# Silica sand?



## harley (Jul 24, 2015)

Hi, does anyone have any experience with Granusil White Silica Sand? Is it Corydoras & plant safe? Any problems? Thanks.










Also, I found a pool store that is actually close to where I live. When I call them, what specifically do I ask for, just "pool filter sand"? 

Sent from my SM-G955U using Tapatalk


----------



## jimmeh lee (Dec 24, 2012)

I got my PFS from a pool store in the area, $10/50lbs. They kept theirs out in the warehouse area. You'd just pay for it at the service counter then go grab your bags. 
I haven't had the pictured brand, but the PFS I did get has been great so far. I didn't even rinse it. It feels soft/rounded when running it between my fingers, and I plan on having c. habrosus with it.
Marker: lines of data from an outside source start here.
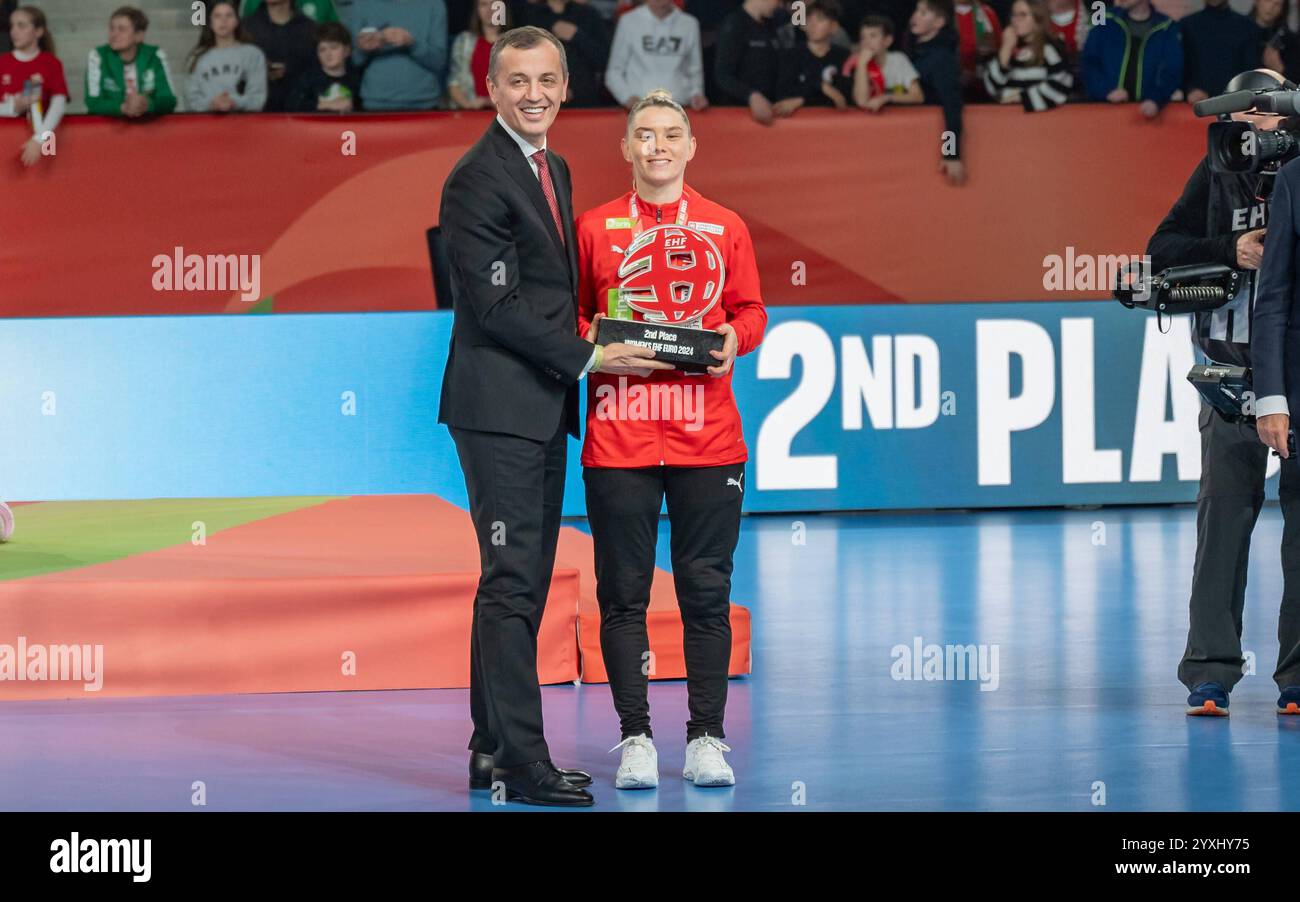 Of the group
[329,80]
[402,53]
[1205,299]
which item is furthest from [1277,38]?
[1205,299]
Pretty sure it's all about the same color, light off-white/tannish.


----------



## dpeco33 (Apr 15, 2017)

I just asked for their pool filter sand as the poster above said. Mine was 10.00 it is great stuff and heavy enough that the gravel vac waving above does not such much up...

Sent from my XT1650 using Tapatalk


----------



## ChrisX (May 28, 2017)

I have used pool sand and play sand. The smaller grain play sand is almost impossible to avoid sucking up while vaccuming. The PFS will stay on the bottom if you swirl above the sand.

Depends on the grain size of that sand.

Also, the HTH PFS has different color grains, there is some dark mixed in, so it will camoflage debris. The play sand is sahara white and shows any debris.

IOW, its not a no-brainer decision. Know the grain size and color before ordering.


----------



## discuspaul (Jul 27, 2010)

Pool filter sands are inert, usually quartz-based silica, and are completely safe for aquarium use.
Grain size should be no smaller than #20 or #30 grade density.
If you get the Granusil, just make sure the seller assures you it's inert.


----------